§ **Raw data**:
%%

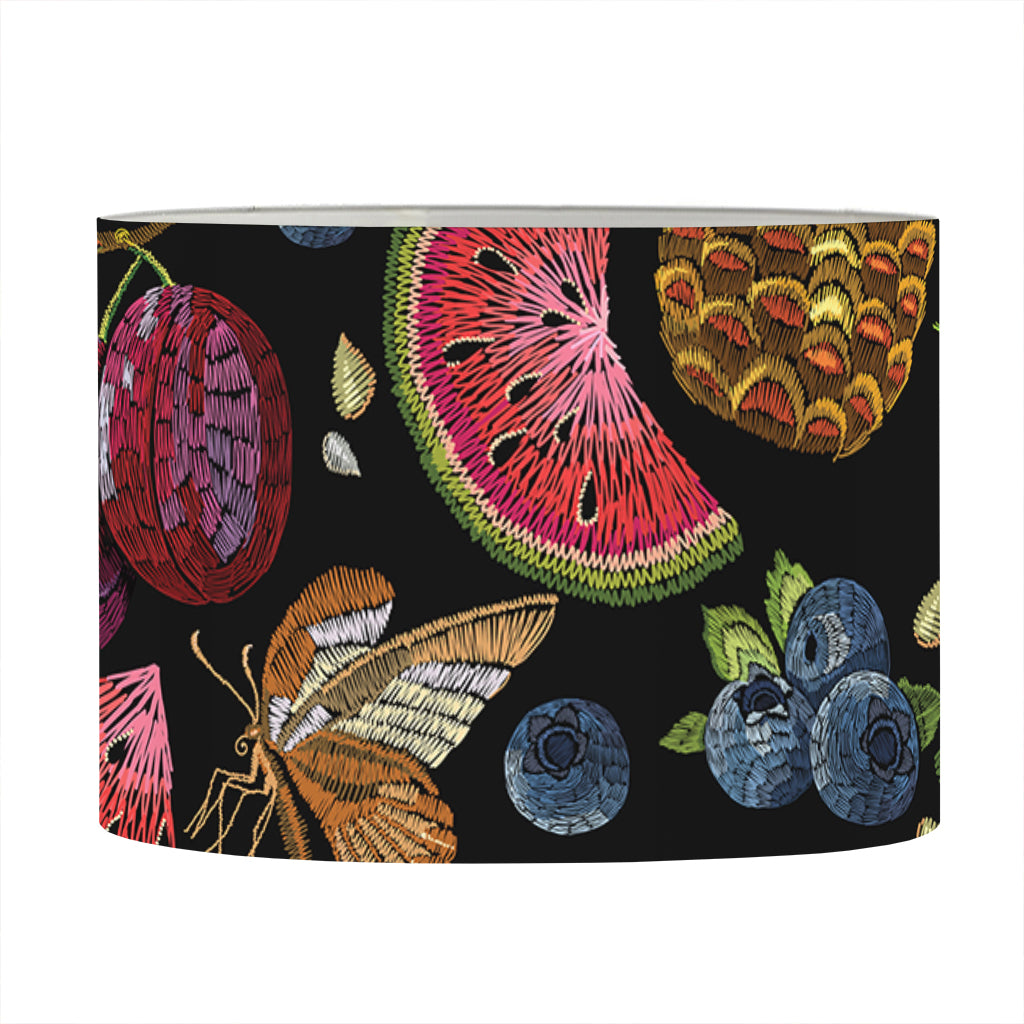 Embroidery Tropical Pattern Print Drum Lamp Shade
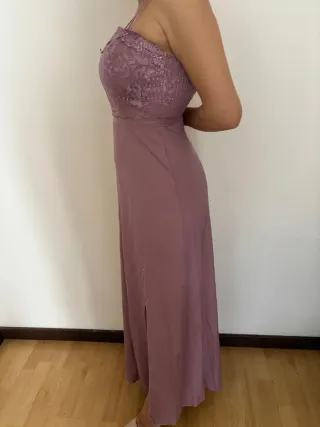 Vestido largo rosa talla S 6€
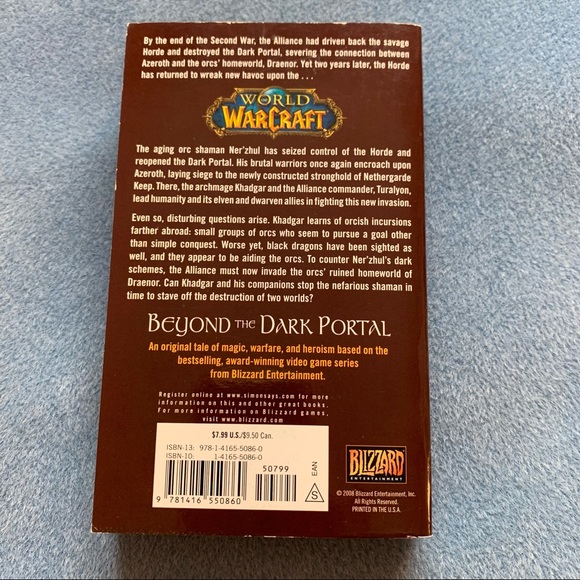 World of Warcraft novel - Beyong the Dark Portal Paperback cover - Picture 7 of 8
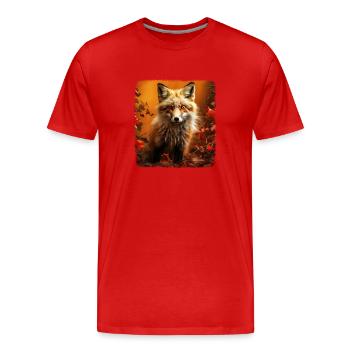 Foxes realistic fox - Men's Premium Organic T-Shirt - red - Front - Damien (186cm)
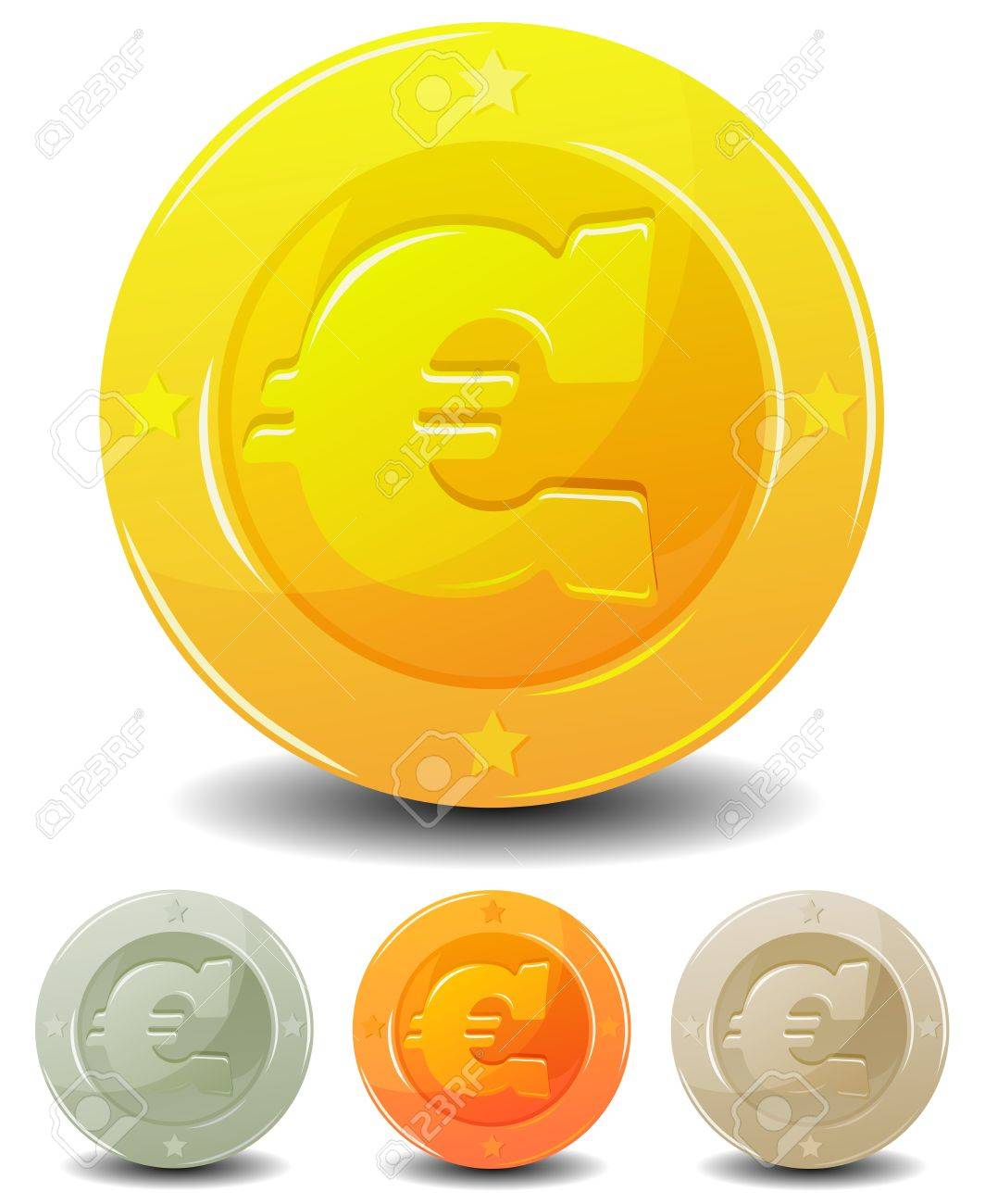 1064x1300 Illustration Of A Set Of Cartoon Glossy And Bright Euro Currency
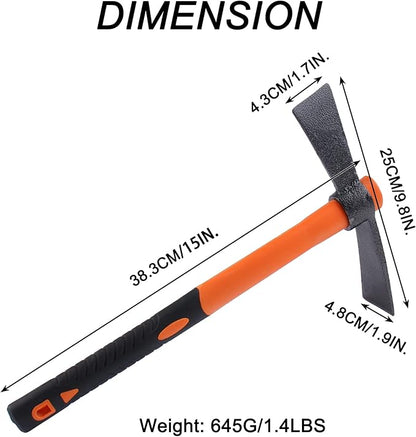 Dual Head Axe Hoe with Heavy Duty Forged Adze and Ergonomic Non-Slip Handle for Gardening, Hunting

%%
%%

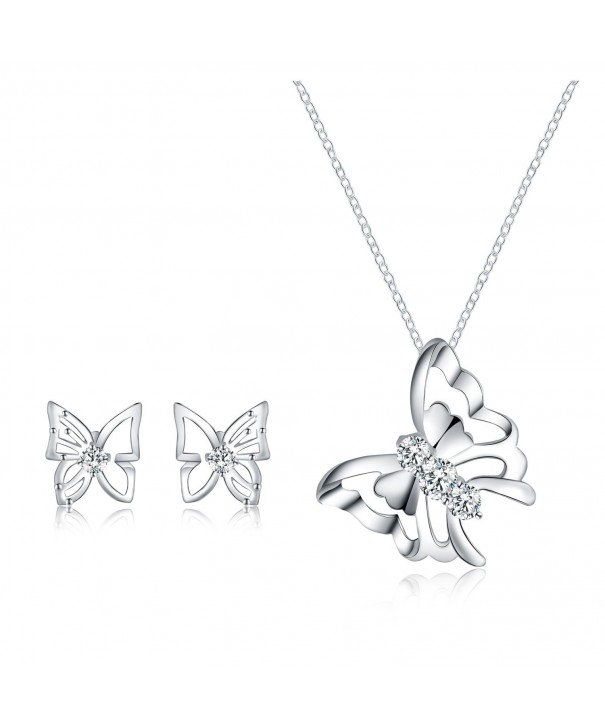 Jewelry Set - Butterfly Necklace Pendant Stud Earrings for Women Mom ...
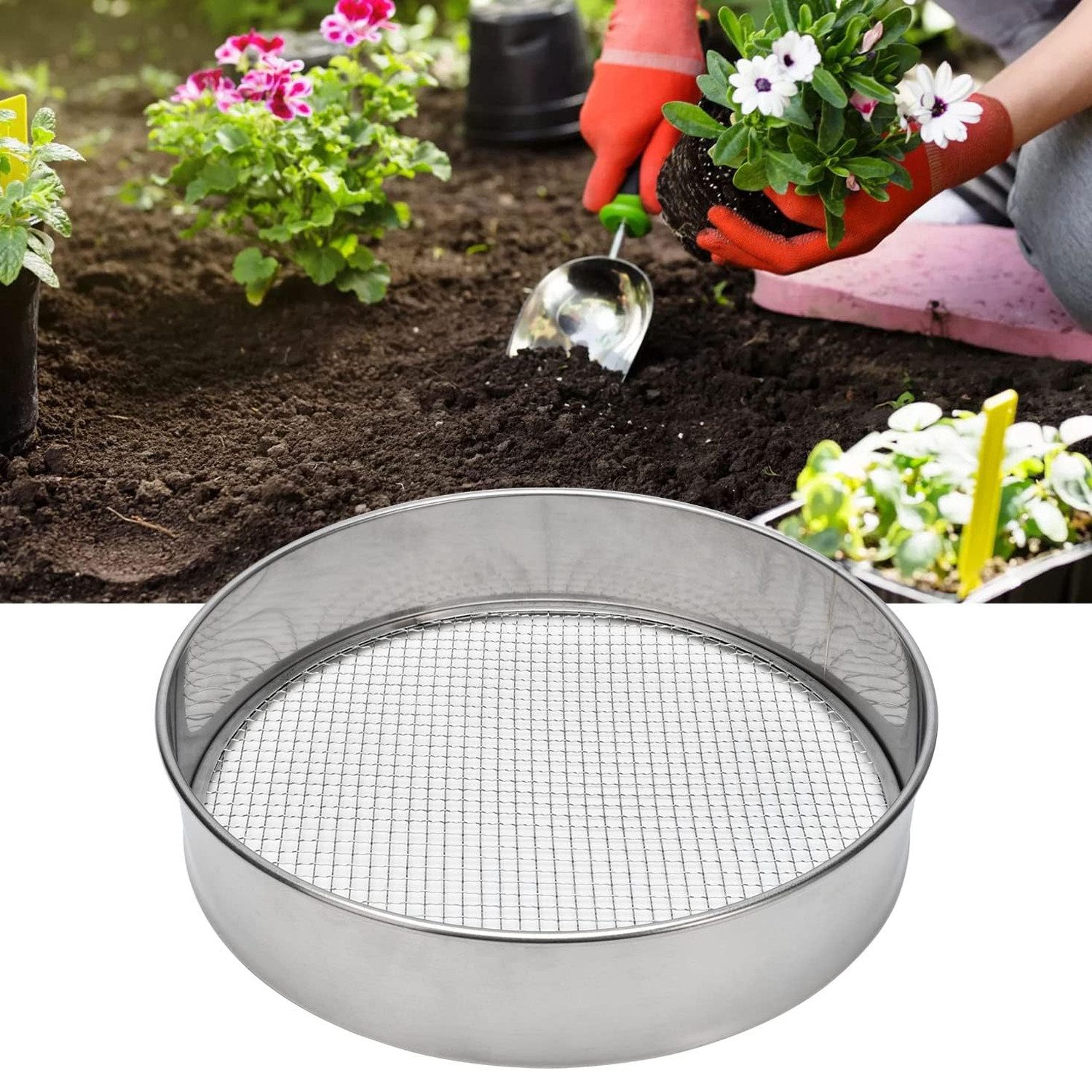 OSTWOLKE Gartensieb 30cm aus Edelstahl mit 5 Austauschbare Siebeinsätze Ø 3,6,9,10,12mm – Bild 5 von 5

%%

§ **What the task asks**: From the entries above, copy exactly the lines starting at the one with "1064x1300 Illustration Of" and stopping at the one with "Dual Head Axe", keeping both ends. Drop the pictures.

§ **Answer below**:
 1064x1300 Illustration Of A Set Of Cartoon Glossy And Bright Euro Currency
 Dual Head Axe Hoe with Heavy Duty Forged Adze and Ergonomic Non-Slip Handle for Gardening, Hunting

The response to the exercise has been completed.